Compilation album by Palace Music
- Released: 31 March 1997
- Genre: Alt-Country
- Label: Drag City

= Lost Blues and Other Songs =

Lost Blues and Other Songs by Palace Music is a compilation of singles, rarities, and live tracks recorded by Will Oldham under various permutations of the Palace name from 1993 to 1997. The compilation was followed by Guarapero/Lost Blues 2 (2000) and Little Lost Blues (2006).

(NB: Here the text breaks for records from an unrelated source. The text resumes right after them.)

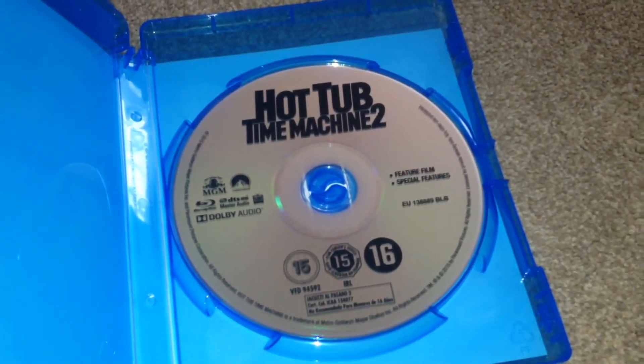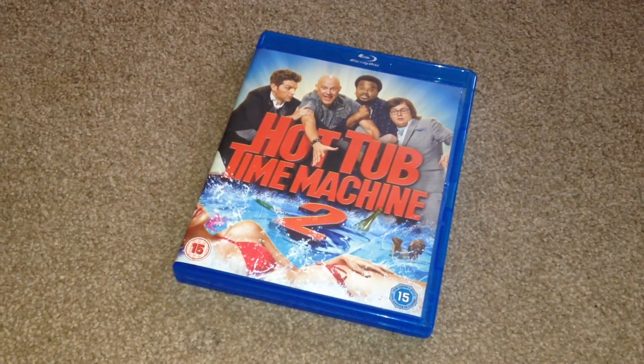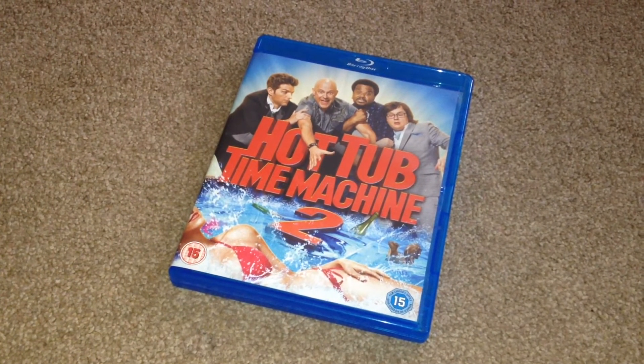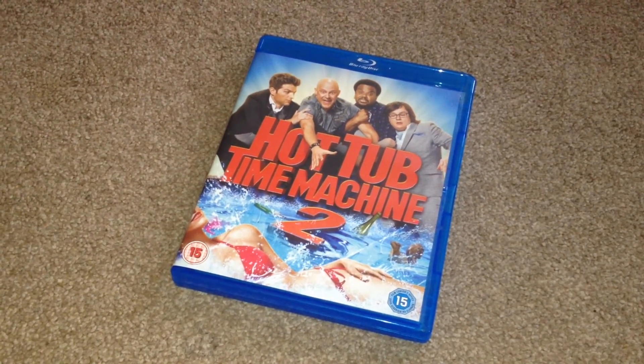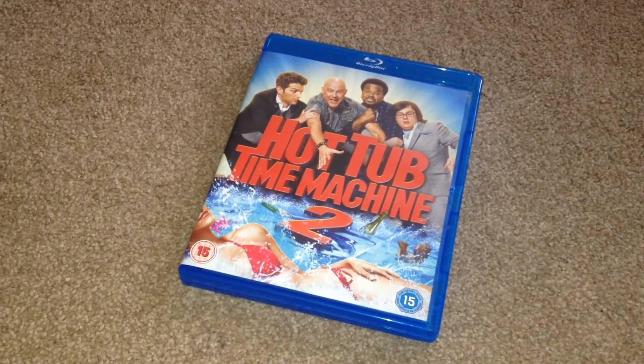Open it up and take a look inside, and we have the Blu-ray disc. So there we have Hot Tub Time Machine 2 on Blu-ray. I enjoyed the first movie and I know the second movie has had a lot of mixed reviews — more bad than good — but like I say, I enjoyed the first movie so I thought I'd check out the second.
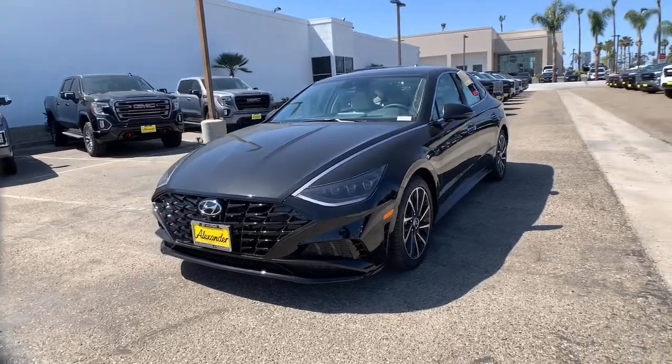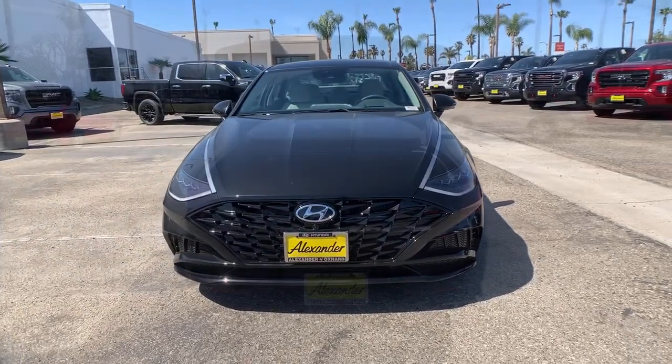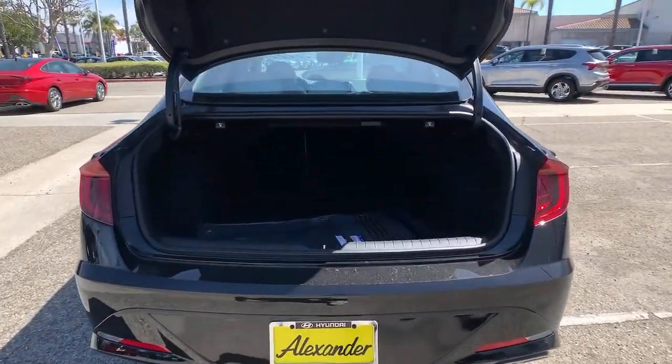Give your family the comfort they deserve when you travel in this refined, well-equipped Sonata. Come in for a fun and easy test drive. Our team will make it the best part of your day.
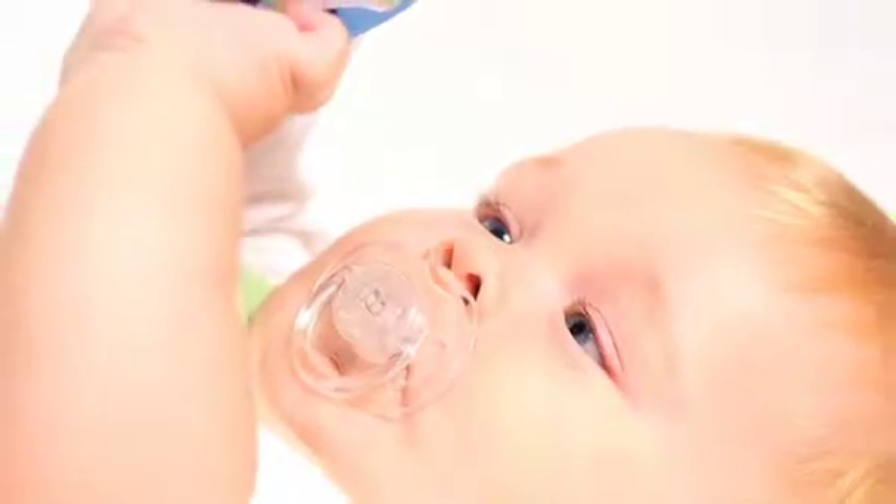First, accustom your pet to baby noises by playing a recording of a baby crying or turning on electronics like your new baby's musical toys or even the motorized baby swing. Allow the pet to get used to the unfamiliar noises and help your pet associate these sounds with a positive experience. Reward them with lots of treats, an extra long walk through the park, or some playtime.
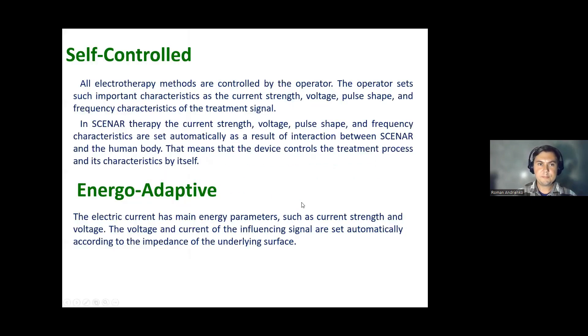What exactly is scanner? The principle of operation is encrypted in the very name. Reading it properly: SCENAR stands for Self-Controlled Energo-Neuro-Adaptive Regulation.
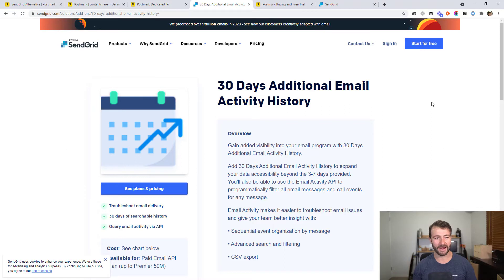The other thing that really annoyed me is that you have to pay extra to get additional email activity history. By default you get between three and seven days. If you were trying to debug problems — like if a customer says they didn't receive an email from more than a week ago — you can't find out what happened because there's no activity history. To get a month of activity history and have to pay for that is ridiculous. SendGrid is very much a nickel-and-diming type company where they charge you for every little thing.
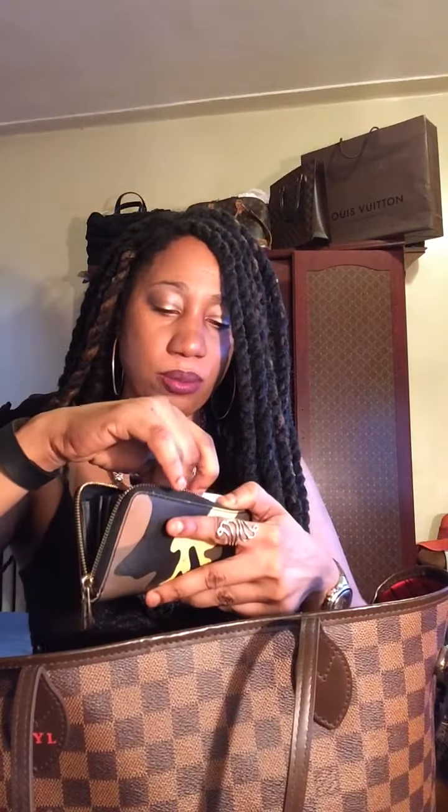Inside I have my bank card, my driver's license, coins, and I brought this from Jamaica — I have a Jamaican $20 bill, here's how it looks. And a key. That's it in there.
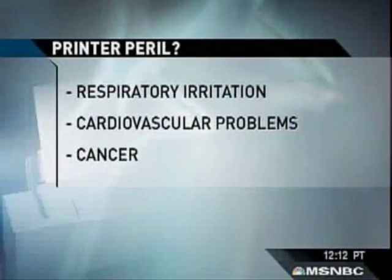PC Magazine's executive editor Dan Costa reviews gadgets, including printers, and joins me now. Hi there, how are you this afternoon? Very good, thanks for having me, Chris. Well, you must not be sitting next to a printer. What do we know about what's coming out of these things?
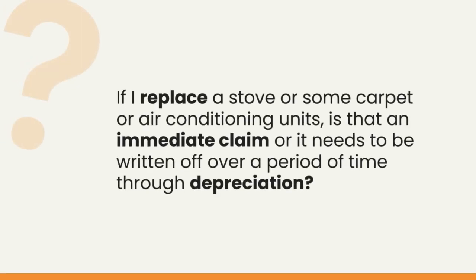So when I replace a stove, some carpet, or air conditioning units, what's usually the result in terms of whether I can make an immediate claim versus when I can actually write that off over a period of time through depreciation? So the stove is going to be a replacement in its entirety, so we're out of the grounds of repair. You've got a depreciable item — you can take the old stove off your depreciation schedule and write that off, then bring in the new stove and depreciate it over its life, maybe 10 years or whatever the effective life is for a stove.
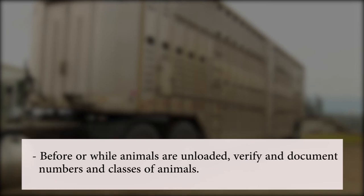Before or while animals are unloaded, work with the producer to verify and document numbers and classes of animals — for example, the number of cows, gilts, or ewes — and possibly each animal's identification such as ear tag or ear notch.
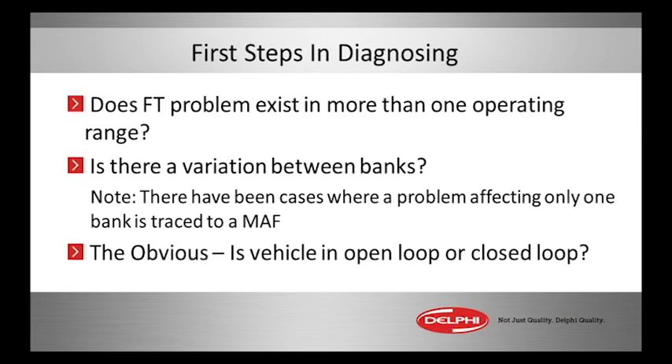Alright, first steps in diagnosing air fuel management issues — fuel trim issues. Does the fuel trim variation, let's say it's a negative 30, does that happen only in one driving condition or across all ranges? That's very important to know.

"Ohio River Boat Song" is an adaptation of the traditional Scottish "Loch Tay Boat Song." "Horses" was originally written and performed by Sally Timms of the Mekons on her 1988 solo album Somebody's Rockin' My Dreamboat.

Professional ratings
Review scores
| Source | Rating |
| AllMusic | Star Half star |
| NME | 7/10 |
| Uncut | Star |

==Track listing==
1. "Ohio River Boat Song"
2. "Riding" (previously released on There Is No-One What Will Take Care of You)
3. "Valentine's Day"
4. "Trudy Dies" (previously released on An Arrow Through the Bitch)
5. "Come In" (previously released on An Arrow Through the Bitch)
6. "Little Blue Eyes"
7. "Horses" (previously released on An Arrow Through the Bitch)
8. "Stable Will" (previously released on An Arrow Through the Bitch)
9. "Untitled" (Live at the Lounge Ax November 17, 1994)
10. "O How I Enjoy the Light"
11. "Marriage"
12. "West Palm Beach" (previously released on The Mountain)
13. "Gulf Shores" (previously released on The Mountain)
14. "(End Of) Traveling" (previously released on The Mountain)
15. "Lost Blues"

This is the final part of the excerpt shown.